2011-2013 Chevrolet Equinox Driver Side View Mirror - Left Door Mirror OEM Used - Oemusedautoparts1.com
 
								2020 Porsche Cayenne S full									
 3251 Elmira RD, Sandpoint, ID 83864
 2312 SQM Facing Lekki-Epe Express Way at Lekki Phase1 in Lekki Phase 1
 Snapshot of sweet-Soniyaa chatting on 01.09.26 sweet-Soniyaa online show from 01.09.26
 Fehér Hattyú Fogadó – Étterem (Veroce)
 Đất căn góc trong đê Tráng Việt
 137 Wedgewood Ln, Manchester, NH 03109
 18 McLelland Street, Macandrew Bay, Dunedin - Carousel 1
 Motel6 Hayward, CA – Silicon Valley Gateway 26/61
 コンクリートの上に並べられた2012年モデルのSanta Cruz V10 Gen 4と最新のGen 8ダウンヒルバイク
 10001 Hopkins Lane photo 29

.....

Every line from the one containing "2312 SQM Facing" through the last line of the entries should be output exactly; nothing else belongs in the reply.

 2312 SQM Facing Lekki-Epe Express Way at Lekki Phase1 in Lekki Phase 1
 Snapshot of sweet-Soniyaa chatting on 01.09.26 sweet-Soniyaa online show from 01.09.26
 Fehér Hattyú Fogadó – Étterem (Veroce)
 Đất căn góc trong đê Tráng Việt
 137 Wedgewood Ln, Manchester, NH 03109
 18 McLelland Street, Macandrew Bay, Dunedin - Carousel 1
 Motel6 Hayward, CA – Silicon Valley Gateway 26/61
 コンクリートの上に並べられた2012年モデルのSanta Cruz V10 Gen 4と最新のGen 8ダウンヒルバイク
 10001 Hopkins Lane photo 29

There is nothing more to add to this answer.